Ubicado desde el principio en el centro izquierda del espectro político, el Partido del Congreso lidera en esta campaña una coalición de más de 20 formaciones políticas afines, bajo las banderas del protagonismo esencial del estado en el proceso de desarrollo, la solución de problemas estructurales y la atención suplente de necesidades que los sectores marginales de la sociedad no pueden conseguir por su cuenta. 

La campaña del Congreso la lidera Rahul Gandhi, hijo de Rajiv, primer ministro asesinado, y nieto de Indira, primera ministra asesinada. Su reto es enorme, pues no será fácil remontar los resultados electorales de la última elección general, que no le dieron más del 20% de los votos. Y las encuestas indican que de poco le ha servido hasta ahora anunciar todo lo que, bajo su dirección, podría hacer el Estado por los sectores populares en mayor desventaja. 

Según las mismas encuestas, parece existir preferencia por el emprendimiento y una forma liberal de acción del Estado, en lugar de esperar, como ya lo hicieron durante muchos años, la providencia de gobiernos benefactores comprometidos a dedicar esfuerzos para “arreglar a domicilio” los problemas de la gente. 

Salvo milagros, difíciles de conseguir, el Partido del Congreso parece condenado a continuar su travesía por el desierto y obligado a hacer una lectura diferente del proceso histórico de la India. Si bien su proyecto fue válido en las etapas iniciales de la vida independiente, ahora debe concebir uno idóneo para gobernar un país convertido, con su contribución fundacional, en potencia reconocida. 
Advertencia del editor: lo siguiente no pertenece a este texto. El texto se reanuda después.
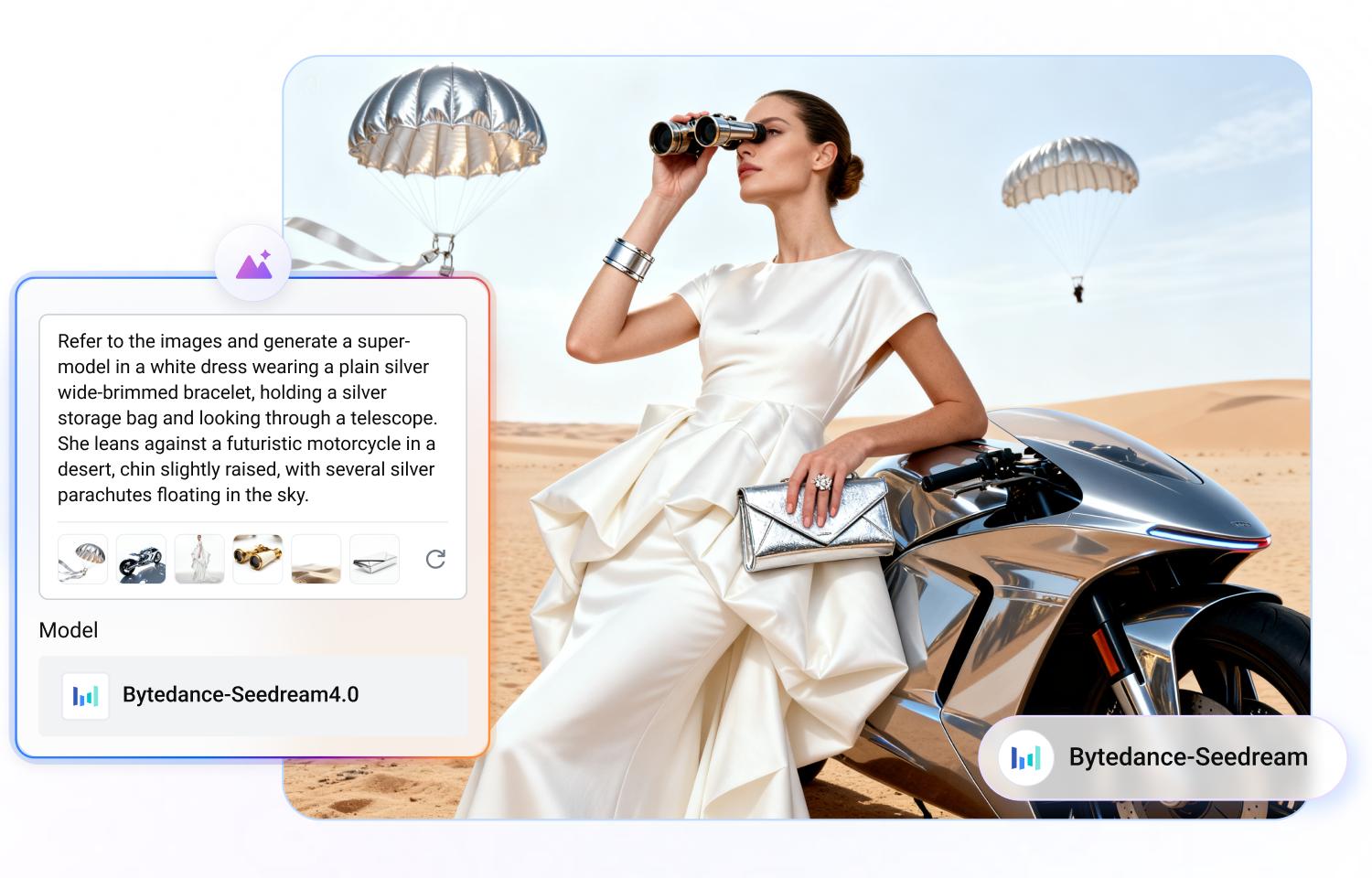 Advanced Reference Image Support - 10 Image Fusion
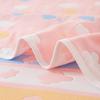 Soft Pure Cotton Gauze Quilt: Baby Swaddle, Stroller & Sofa Blanket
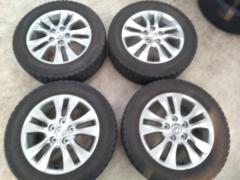 TOYOTA 70系ノア純正アルミホイール+GOODYEAR ICENAVI7 205/60R16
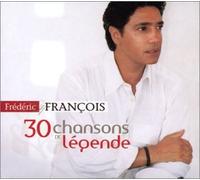 Frédéric François – 30 Chansons de Légende – Édition Digipack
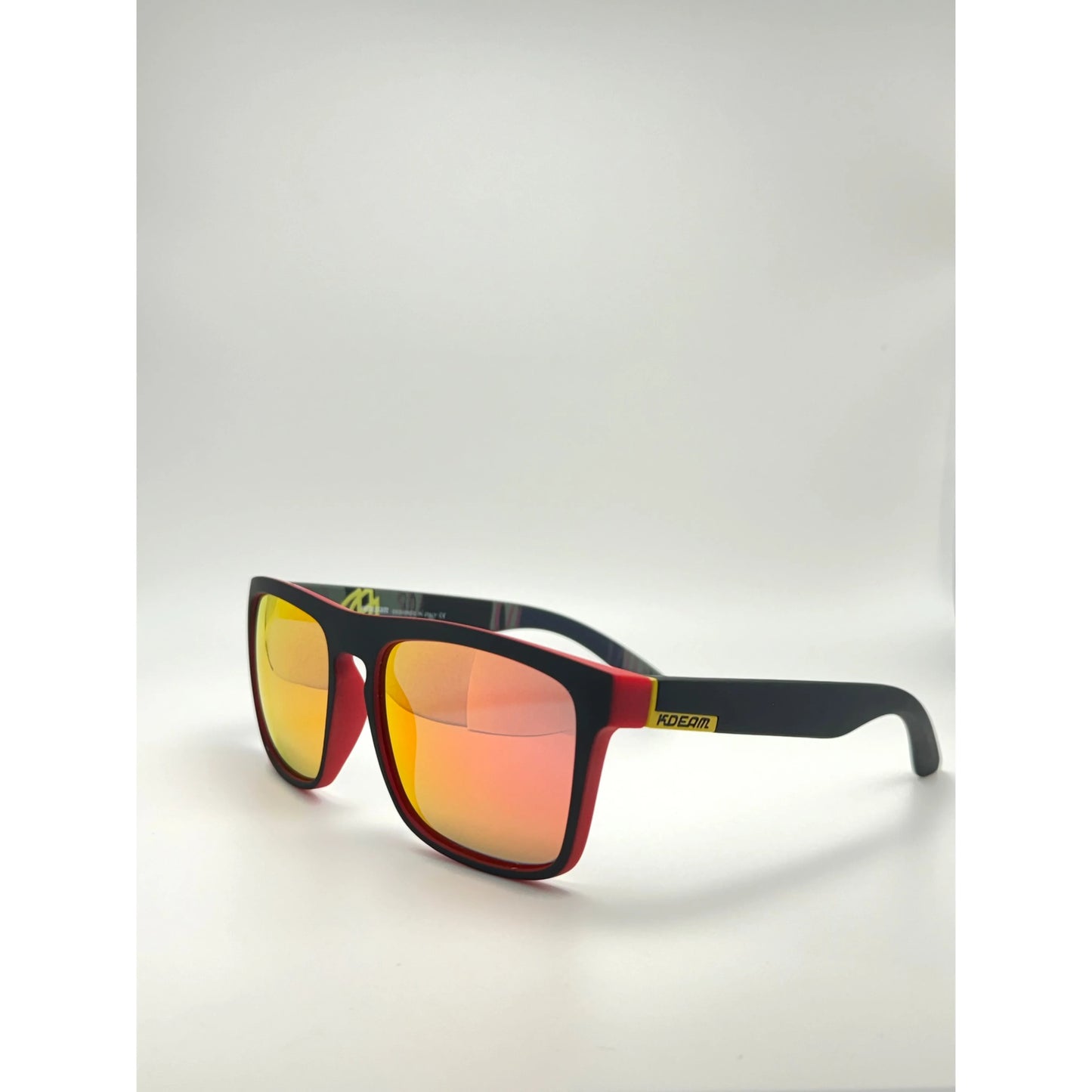 Exclusive Polarized Sport Design Square Mirror Unisex Sunglasses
A pesar de esa perspectiva de largo plazo, en el escenario aparece ahora una oportunidad política importante de promoción democrática para el Partido del Congreso. Algo que le permite contrarrestar la actitud discriminatoria del flamante, eufórico y liviano de palabra primer ministro, que reitera el precedente de discriminar entre los ciudadanos de la nación democrática que gobierna, como lo hace contra los musulmanes. 

En el fragor de la campaña, el primer ministro no dudó en decir el domingo que “los musulmanes son infiltrados que se apoderarían de la riqueza de la India, si el Partido del Congreso llega al poder”.  Esa afirmación, que se suma al caudal de expresiones destinadas a poner en duda la nacionalidad india de los musulmanes, quienes “vendrán por las esposas e hijas de los hindúes”, constituye una mancha grave en las credenciales democráticas de Narendra Modi. 

Semejante posición, respecto de uno de los componentes de su propia nación, le pone en el listado de “caudillos” de opereta, como los hay en África y ahora en América Latina, que resuelven gobernar solo para el segmento de la población que pertenece a su partido y proscriben al resto, como si fuera su potestad, ejercida con arbitrariedad, proclamar semejante “apartheid”, con lo cual ponen en evidencia su condición de falsos demócratas. 

Si a pesar de su gestión de gobernante liberal en materia económica, el primer ministro insiste en ese tipo de posturas discriminatorias, no solamente estará sembrando las semillas de la discordia nacional, que no le corresponde cultivar a ningún gobernante responsable, sino que puede llevar a una confrontación que arruinaría los méritos de “la democracia más grande del mundo”.